Former DPRK Inmate: ``Nothing Is Surprising About North Korea``

Tuesday, January 28, 2014

By Mayako Shibata

Tokyo - (PanOrient News) "Nazis were killing Jews 60 years ago, while the Cambodian Pol Pot regime massacred their own people, genocide in Sudan… people think this is all in the past, but it is actually happening even today," said Mr. Shin Dong-hyuk, former inmate of North Korea's notorious Camp 14.

Shin was born in Camp 14 in 1982. His parents were both imprisoned as political prisoners. He witnessed human rights abuses on a daily basis, including torture, beating, death by starvation and public executions as punishment for even small infractions. He himself had his finger chopped off when he dropped a sewing machine.

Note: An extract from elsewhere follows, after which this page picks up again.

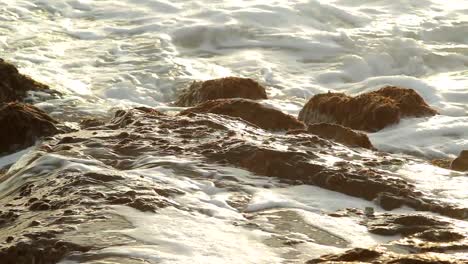 sea waves splashing on rocks at the beach during sunset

At a press conference held in the Foreign Correspondent's Club of Japan in Tokyo on January 27th, Shin said the prisoners were treated, not as human beings, but as creatures whose value is below that of animals. "Even animals have a better life than the political prisoners. For example, rats can eat anything they find. They can go anywhere they want to go, unlike the prisoners."

Until he escaped from the prison in 2005, he did not know the world outside of Camp 14 at all. "I was born as a political prisoner, so my world was composed of only two elements: guards and prisoners. The last thing I saw at the Camp before I escaped was what I always saw my whole life," said Shin.

The news of the cruel execution of Jang Song Thaek, current ruler Kim Jong-un's own uncle, along with all his family members, shocked the world. An audience member raised a question asking if the situation in North Korea has gotten worse since Kim Jong-un succeeded power. Shin answered, "North Korea is governed by dictatorship. Once the dictator does not like you, it is not unusual that he would drag all your relatives with you to the concentration camp. Thus, what happened to Jang Sont Thaek and his family was nothing surprising. Everything is up to the dictator."

Today, he serves as a human rights activist, raising awareness about the inhumane life conditions imposed on people in North Korea. He called on the media and the international community to provide assistance to improve the situation there; however, he remains skeptical about many analysts' claim that the North Korean regime's collapse is near.

Referring to the UN Human Rights Council, he matter-of-factly said the organization has, across history, not done a single thing to solve the issues inside North Korea. International organizations, like the UN Human Rights Council, need to take further steps if they are really to solve these issues. I don't know what defines stronger engagement, but a big organization like the UN has to do something. If they don't do anything except just keep spending vast amounts of money, it is not worth having it."

He wrote a book in 2008 recounting his experiences at Camp 14, I Was Born in a Gulag, I Do Not Know Love. He has also participated in making documentary films, and his new work Born In a North Korean Concentration Camp will be aired in Japan on March 1, 2014.